Recent example: Code Golf for a^b mod n.
Is there a policy I'm missing about what's too easy? If not...
Should questions I personally dub too easy be...
What, if anything is too easy?
Would guidelines be different for code golf, code challenge or puzzles?
I don't necessarily object against easy tasks. Basically, an easy one can allow you to take a break from your hard golfing life and doodle something for fun which doesn't need the same amount of work like a harder or more complex task.
That being said, I do believe that too many too easy tasks are not particularly helpful. If people come to the site and see 25 different tasks, all just taken from 5th grade math text books, then something is wrong, I guess.
Once in a while that can be entertaining, but not multiple times a day. If the only challenge or puzzle to such a task is how short you can write the invocation of a formula or a single loop then those things aren't particularly interesting (to me at least). They also belong in a different category. Those aren't »easy«, they are »trivial«.
That being said, I'd rather not have every task on this site at the complexity level of Robot Finds Kitten. Even less so at the level of Implement PCRE in your language. The latter task is probably a mistake, though.
I will happily vote down tasks I consider trivial, boring or otherwise uninteresting. That's what votes are for in my opinion: To give feedback to the person posting the task whether it's received well or not. Votes are my own opinion and do not need to match others'. Sometimes, they do, though.
Someone might (correctly) note that I have answered a few of those I have downvoted as well. That's mostly boredom. Spending a minute of cobbling together a protest answer doesn't exactly hurt me, regardless of how I think of the task. I don't consider the number of answers to a question a criterion of quality. Trivial tasks encourage many, many answers that can be churned out in a short time. That doesn't make them good tasks and I hope people who write those tasks will not see the number of answers as encouragement to write more of them.

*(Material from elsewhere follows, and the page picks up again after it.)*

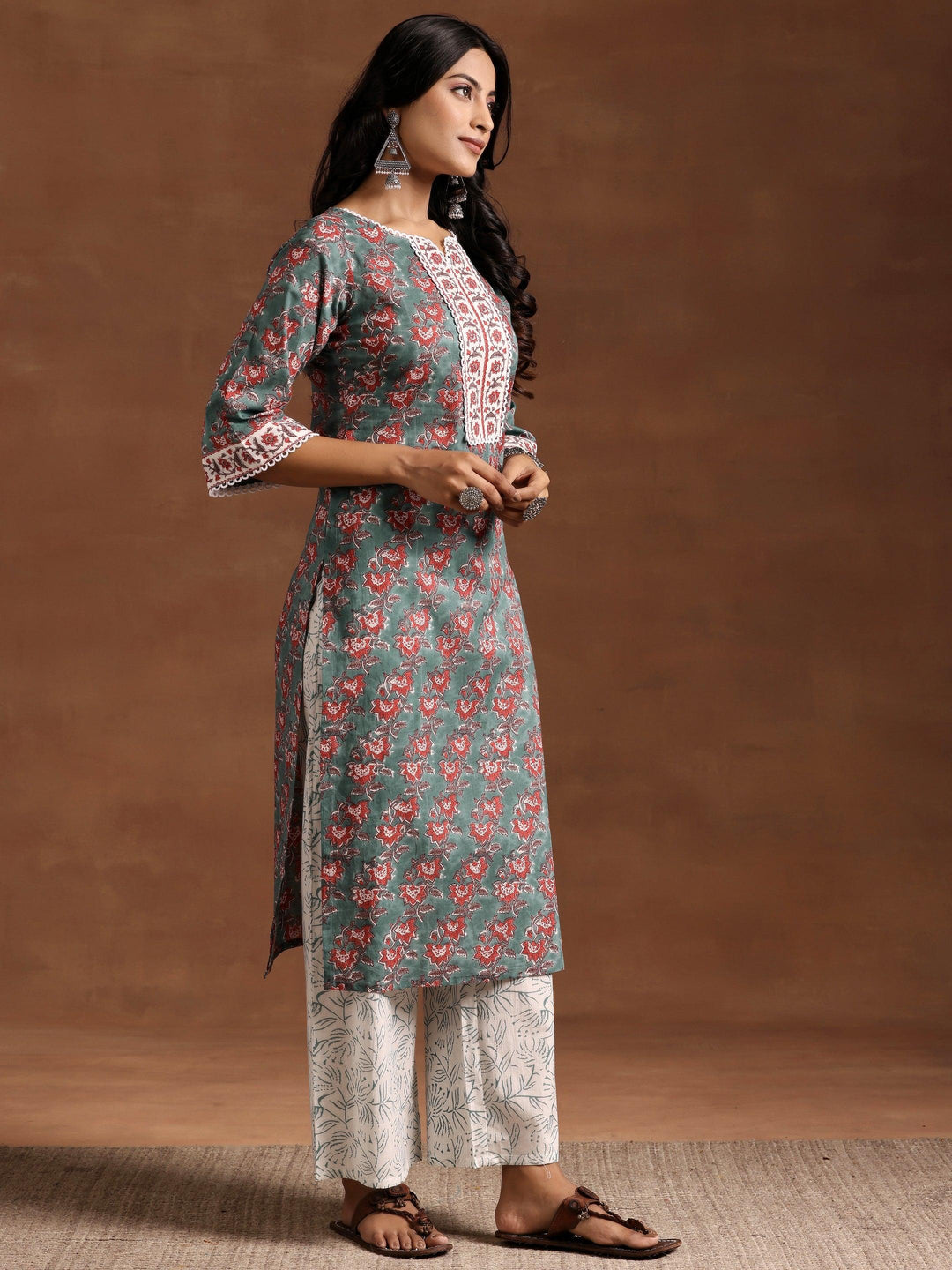 Green Printed Cotton Straight Kurta Set - Libas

Another thing to note: Not every task that looks simple is it, necessarily. One seemingly simple task I actually enjoyed was Hitting 495 (Kaprekar). It calls for a relatively simple algorithm, probably a special case and some math. At least that's what they want you to think. J B came up with a wonderful answer that just stops at a fixed point for the algorithm and emits the number of steps until that happens; no special case, no embedded constant for 495 – very elegant. And I noticed when building my complete set of test cases that the number of steps depends on the first and last digits of the input number, nothing more, negating the need for actually executing the algorithm.

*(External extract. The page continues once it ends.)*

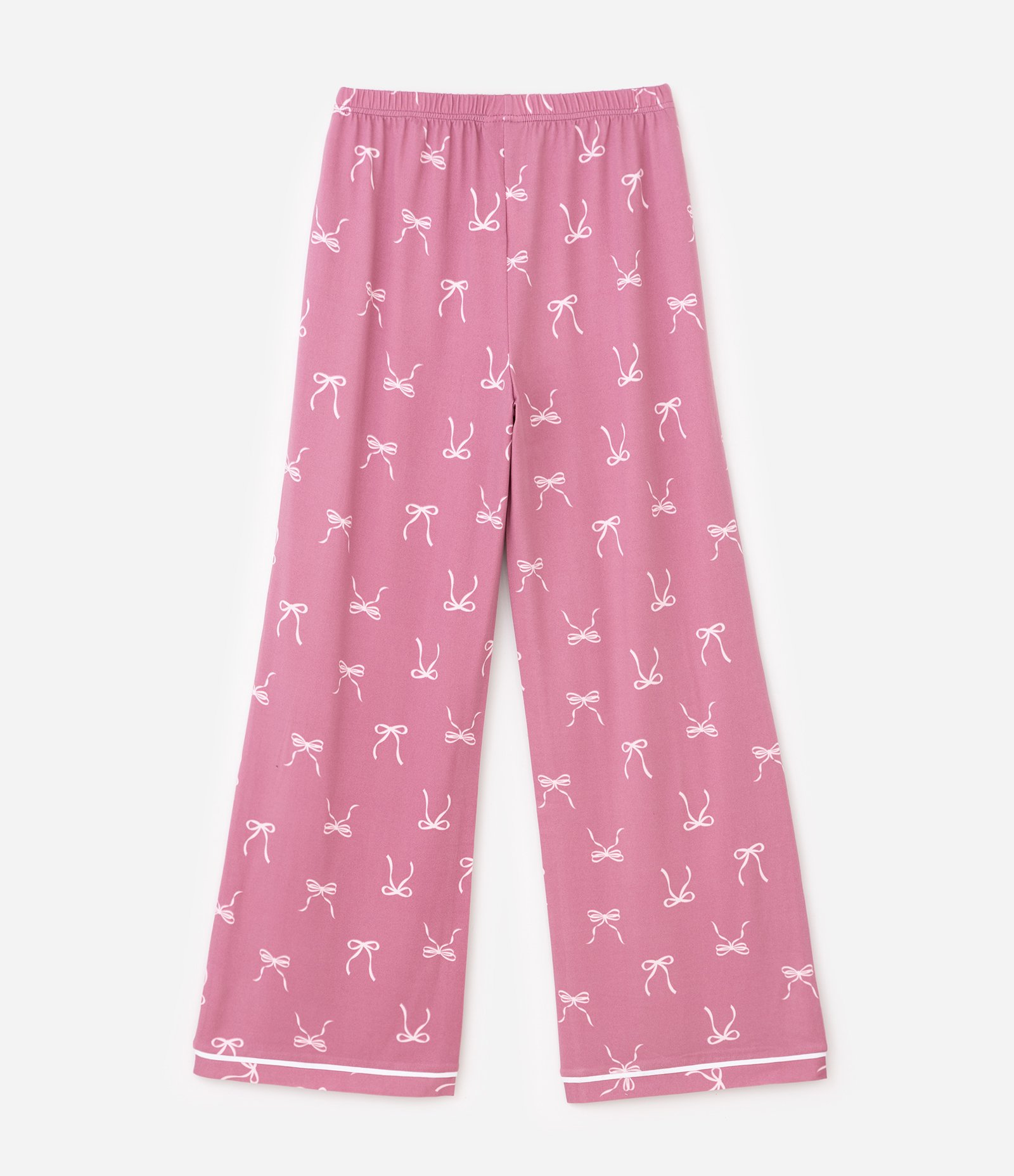 Pijama Infantil em Moletinho com Estampa de Lacinhos e Toque Suave - Tam 5 a 16 Anos Rosa 5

Such examples are rare, though. Not every simple task will have that much hidden complexity. Perhaps having different ways to solve a task is a criterion whether a simple task could be entertaining and have unexpected solutions. Not entirely sure of that, though. And I am guilty of posting tasks with a predefined idea how they are to solve as well. It is easier sometimes. Not necessarily better.
Good question. I see 2 problems, genuinely too easy questions, and questions that are too easy to solve in some languages because they implement the function partially or completely. The latter is the biggest problem. This brings back the question about setting a specific language for a question, I personally prefer that by far over questions that grow trivial.
In general code golf allow for some easier questions since it may be quite far from trivial to shorten a program even though the basic implementation is easy to write.
My definition of easy: algorithms that run in O(1) (assuming hardware numbers, where there is a upper bound of running time of parallel hardware arithmetic operations), which means most of the O(1) number problems have a trivial or non-trivial formula to solve it, and the puzzle creator allows them to do so.
However, not everyone are good at math and will find O(1) solutions for all sequence and series problems (e.g. geometric series).
Of course, implementing arithmetic and other numerical operations in esolangs or from scratch are reasonably challenging.